Well, it’s no secret that the economic falloff is bad – real bad. The challenge for management is to keep the company focused and moving forward. You have to be of two minds – watch the pennies at home, and spend the dollars to continue to build your business.


Sequoia Capital reportedly (see Gigaom, among others) called together their funded startups for what has been referred to as a "Holy Sh**t!" meetings – or, what in the South would be politely referred to as a "Come to Jesus" meeting. Om Malik of Gigaom wrote:

 The message delivered to those in attendance was that things could get a lot worse than people think, and it will be a more protracted downturn. To give a historical perspective, Sequoia had a similar meeting back before the last bubble  burst. We know how that turned out. They want the companies to cut costs, to figure out way to survive and emerge at the other end of this downturn, which could last years. The speakers went through each functional area of the business and told the companies how to cut costs. By holding this special meeting, Sequoia is telling its companies to put survival strategies in place and figure out ways to outlast the broader market troubles.  One piece of advice is certainly interesting: zero-based budgeting, or "ZBB". ZBB was popular in government agencies in the 1960s and 1970s – I actually studied this back in college. ZBB is a pretty simple concept – start your budget process at zero, and build a budget from scratch each year. Most budgeting processes start with the current spending and staffing, and adjust from there. ZBB starts from zero, and is supposed to build up to the spending and staffing that the organization needs for the scope of operations planned for the coming year. It is time consuming, and not at all easy to implement, and fell into disfavor.  

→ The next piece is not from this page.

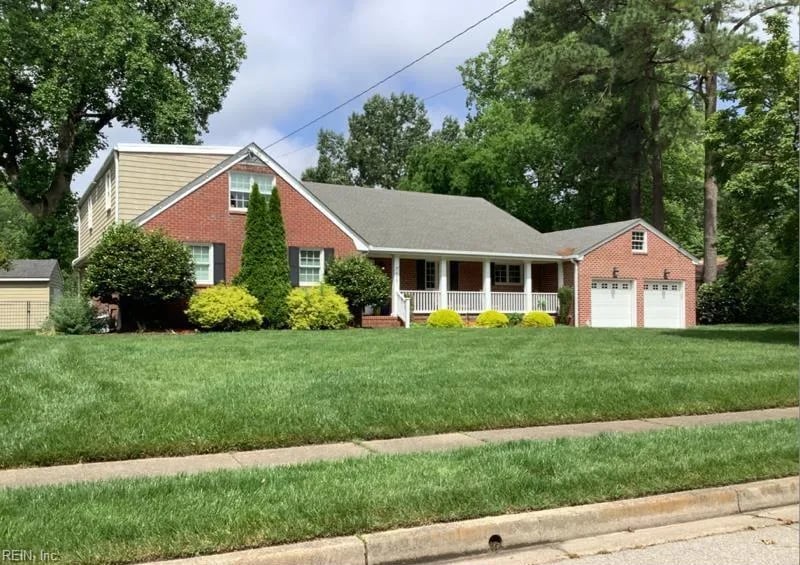 6447 Bridle WAY, Norfolk — 5 bed Residential, 3,424 sqft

If your company is on the small side, try working up a staffing model with a blank slate – stick to tasks rather than people. If you need to let people go, do it sooner rather than later. You can decide whether to ask people to continue working until either a final date, or until they get a new job – either way, I’d try to give them something to soften the blow. Watch the pennies – cut back on the variety of free food and drink, a filtered water fountain may be more cost-effective than bottled water, reduce the inventory level of office supplies, review cell phone plans and phones out there, use freelancers as opposed to new staff – there are many seemingly small items that can quickly add up to significant dollars.


The recession is likely to last a while – it could be 9-12 months, it could be longer. The heart of the problem is in the credit markets – everything else springs from there. The chain of responsibility is complex, and is not your focus here. Your focus is to keep moving forward, watching, evaluating, and adapting as events unfold – watch, listen and act.